Agreed entirely, but you should keep a watching brief on ISO 639-3 in my
view. I would expect that from its current stage, ISO 639-3 might advance
quite quickly (though Peter Constable's in a better position to comment on
that than me).

> All we can do now it provide support for it (which is what the
> whole -s-extlang stuff is about). When ISO639-3 is done or nearing
> completion, RFC3066:bis can itself be revised to incorporate
> ISO639-3 normatively.

In that case, why not work in tandem with ISO 639-3 development, otherwise
there will be the danger of even more inconsistencies being added? No
point in revising it twice.

> I certainly hope we're not still working on various 3066:bis
> drafts in a year when that takes place!

Why not, if it's possible that working in tandem may solve many of the
problems? Planned delays can avoid incompatibilities later. On a much
larger scale, see the way ISO/IEC 10646 and Unicode came together - that
wasn't always the case, and there could have been two conflicting codes if
heads weren't knocked together.

There's a similar danger with some of the suggestions in your langtags
document, though with fewer exceptions to consider.

> The newest draft includes UN M49 codes...
>>
>> That's true, though this is a workaround for what I raised in my point
>> 2:
>
> I don't see why M49's utility is reduced by that.

I do: special cases tend to require a later need for new rules, or new
registers, to work around several special cases, later on, typically.

>> 2. It covers the CS/CS problem well in dealing with ISO 3166 codes
>> (though naturally it would be better if the ISO 3166/MA didn't do
>> such stupid things - has anybody heard of top-level actions
>> regarding the allocation of the CS code in ISO 3166?)

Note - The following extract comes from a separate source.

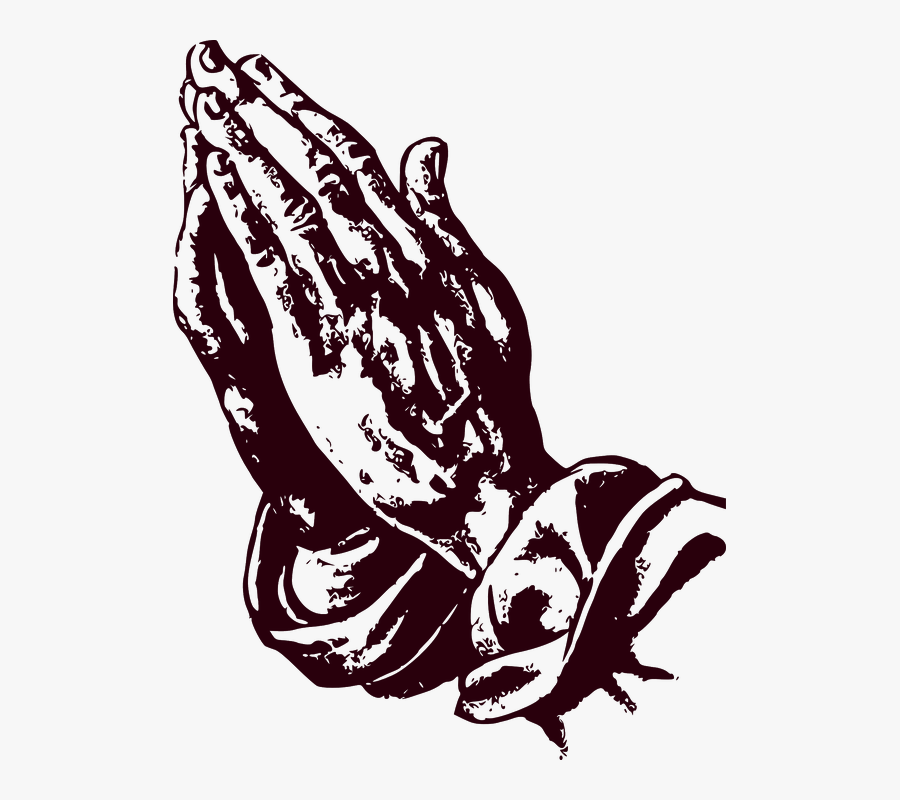 Pray Clipart Prayer Line - Praying Hands , Free Transparent Clipart - Clipa...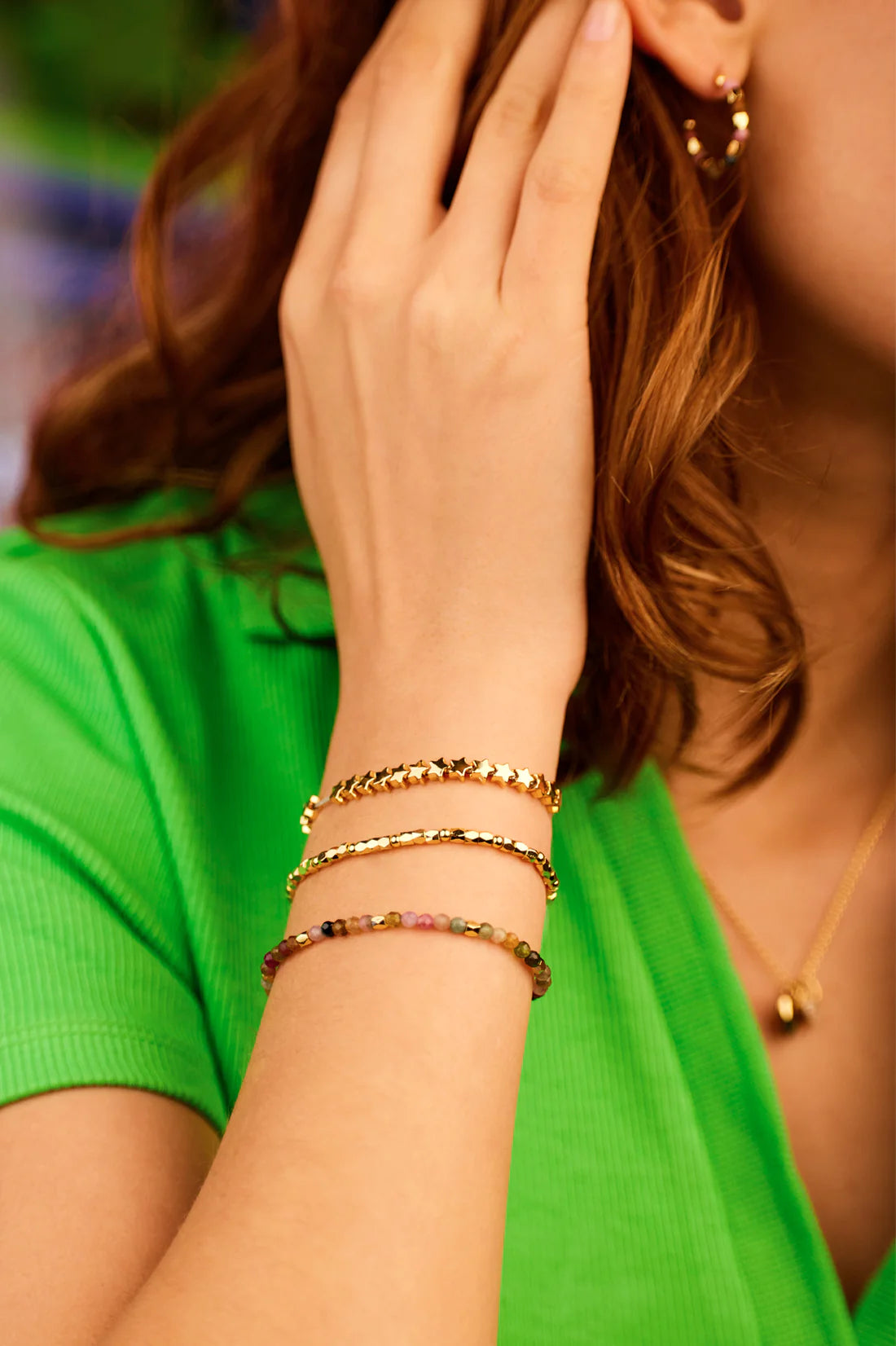 teal coco bracelet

Has anybody heard of any action on that? I've heard of no comments from
anyone on that.

>> There needs to be some rationale for why the code YU would not do, or
>> whether YU would do in certain instances. In the case of both YU and CS,
>> there are smaller entities that exist instead of the larger entities
>> which
>> those originally represented (as is also the case for SU).
>
> You can use YU if you want to. It might not be a good idea to do so (you
> may
> be offending someone), but it is permitted by rfc3066:bis.
> 'YU' is a code for a (defunct) country.

But your text uses the specific example:

             cs-CS (Czech for Czechoslovakia)

'CS' is a code for a (defunct) country.

I don't see why you make a difference between CS and YU.
Why is CS valid, and YU not?

> Numeric subtags from M49 are an option only in the case where ISO3166
> assigns a country an alpha-2 code that was previously assigned to another
> country. M49 is advertised as being stable and consistent, therefore Mark
> and I (with support from others on this list) incorporated it as a way of
> tagging content for countries that have the misfortune to get assigned a
> secondhand ID.

And what happens if, for example, Serbia and Montenegro split into two
sovereign states at some point in the future - not altogether unlikely.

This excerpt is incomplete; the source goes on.